HDP'nin kapatılması istemiyle AYM'de açılan davada, Yargıtay Cumhuriyet Başsavcılığı'nın istemi üzerine, partinin Hazine yardımı bulunan hesaplarına 5 Ocak'ta tebdiren blokaj konulmasına karar verilmişti. Partinin bu kararın kaldırılması talebi, AYM Genel Kurulu tarafından ele alınmış ve partinin Hazine yardımı bulunan hesaplarının tedbiren bloke edilmesi kararı kaldırılmıştı. Bu karar yediye karşı sekiz üyenin oy çokluğuyla alınmıştı.
Halk TV’den Seyhan Avşar’ın haberine göre, bu kararın ardından Cumhurbaşkanı Erdoğan, blokenin kaldırılması yönünde oy veren bazı AYM üyelerini telefonla aradı. Erdoğan, “Size çok güveniyordum.
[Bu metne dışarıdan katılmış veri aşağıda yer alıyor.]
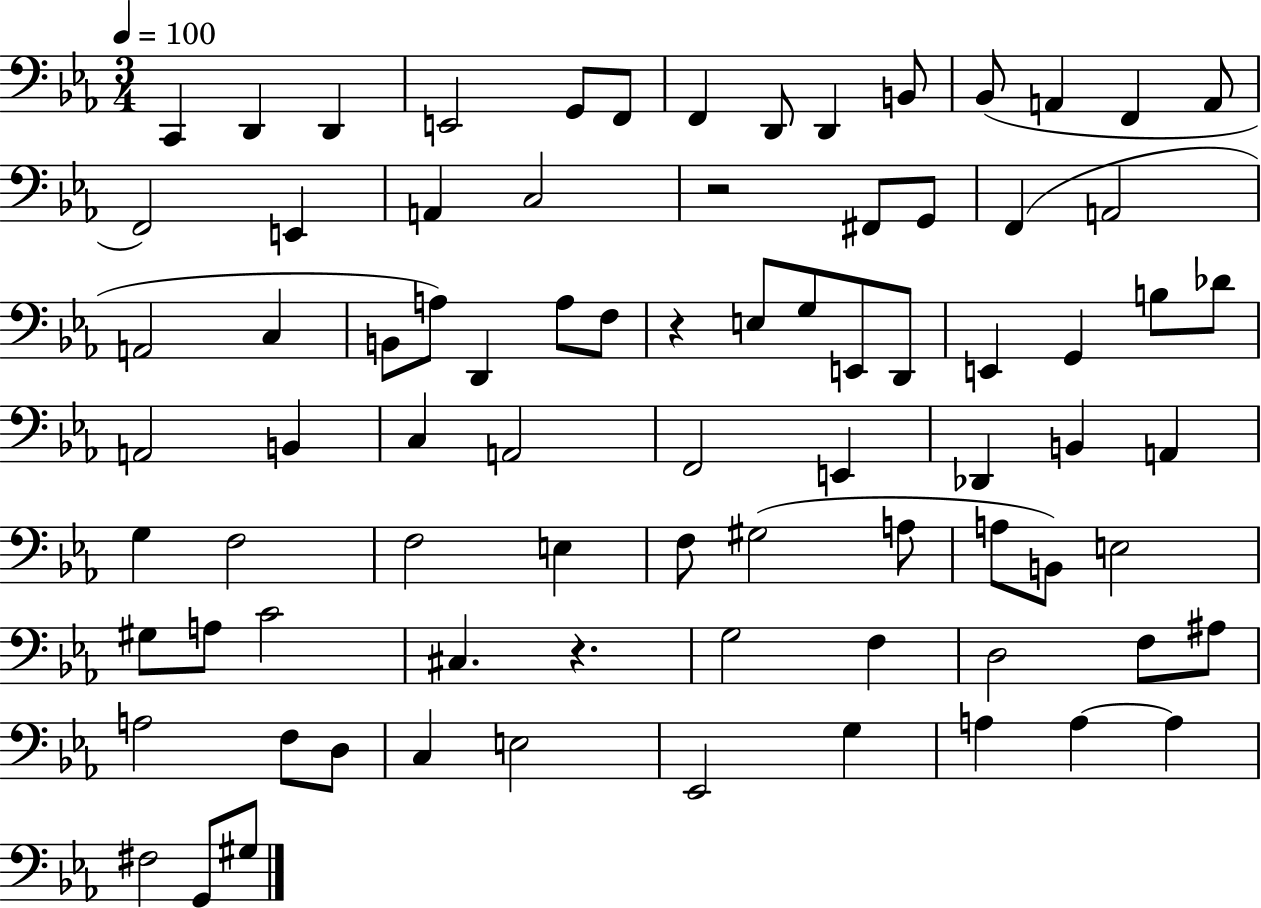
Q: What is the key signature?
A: EES major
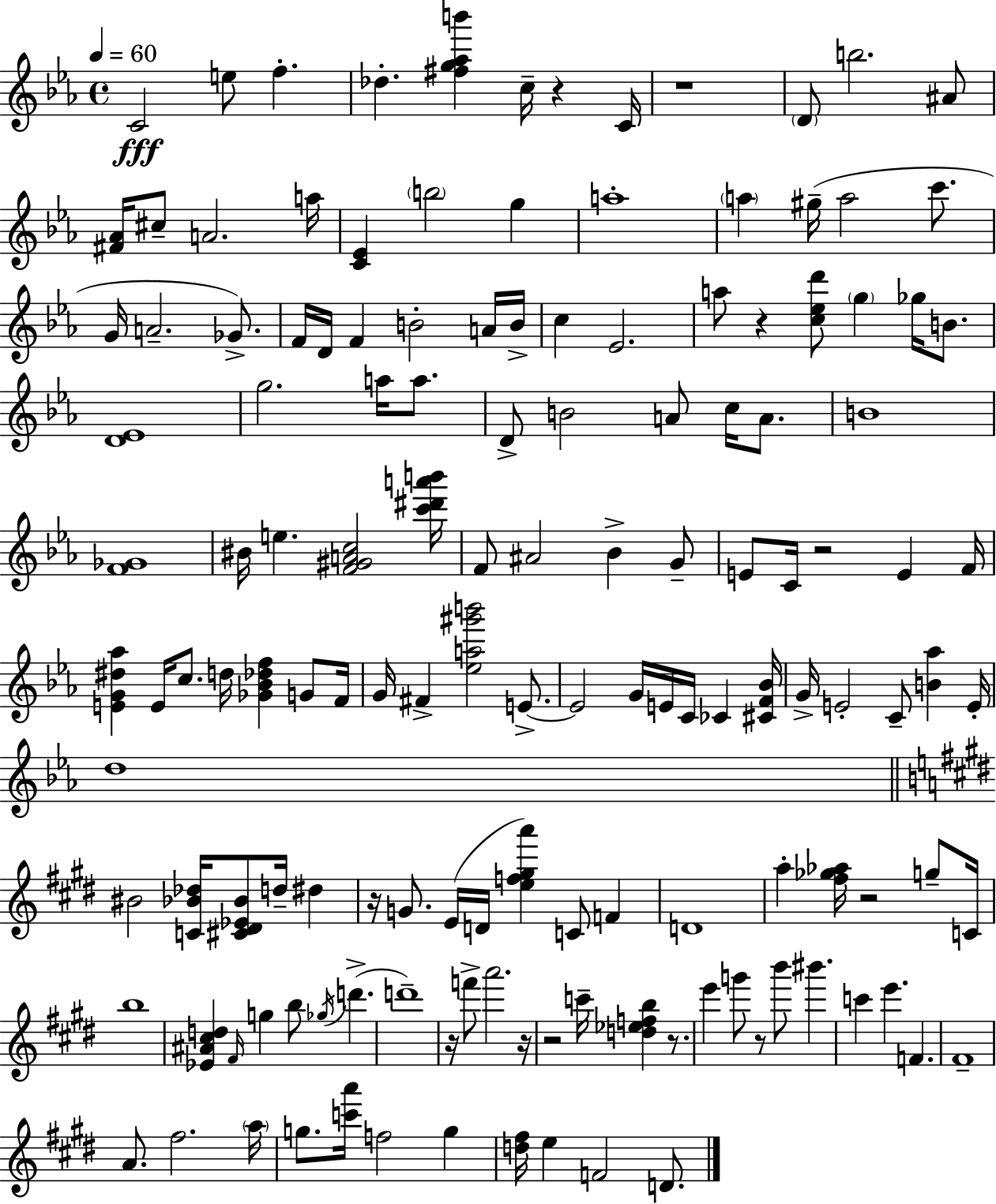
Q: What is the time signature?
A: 4/4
Hesaplardaki blokenin kaldırılması yönünde nasıl oy kullanırsınız?” diye sordu.
"Kendisine sadece verdiğim kararı hukuki yönüyle değerlendirdim"
Erdoğan’ın aradığı bir AYM üyesi, “Kendisine sadece verdiğim kararı hukuki yönüyle değerlendirdim. Hiçbir yasal düzenleme bulunmuyor tedbire ilişkin. Ne anayasada ne de yasada. Kendisine bunu söyledim. Bunun dışında konuşma özel yani netice itibarıyla” dedi.
“Biz hukuka bağlıyız”
“Cumhurbaşkanı, bu kararın hukuki olmadığı yönünde konuştu” diyen AYM üyesi, şunları söyledi:
“Bizim verdiğimiz tedbirin kaldırılması yönündeki kararda biz hukuka bağlıyız. Peki o zaman diyeceksiniz niye daha önce tedbir verdiniz, sonra neden fikir değiştirdiniz? İlk tedbirde Yargıtay Başsavcılığı o kadar ciddi iddialarla geldi ki bize, tabii o iddialar karşısında tedbir vermemek gibi bir alternatifimiz yoktu. Yine de vermeyen arkadaşların argümanları güçlüydü. Ama benim açımdan Hazine yardımının doğrudan terör örgütüne aktarıldığına dair bir iddia karşısında şahsen tedbirden başka bir yol bulamadım. Fakat sonra gelen belgelerde gördük ki 2017-2018 ve daha sonraki yıllarda olmak üzere terör örgütüne fiili bir aktarım söz konusu değil. Firmalara ödemeler, şunlar bunlar var. Doğrudan terör örgütüne para aktarıldığı yönünde ben de bir kanaat oluşmadığı için fikrimi değiştirdim.”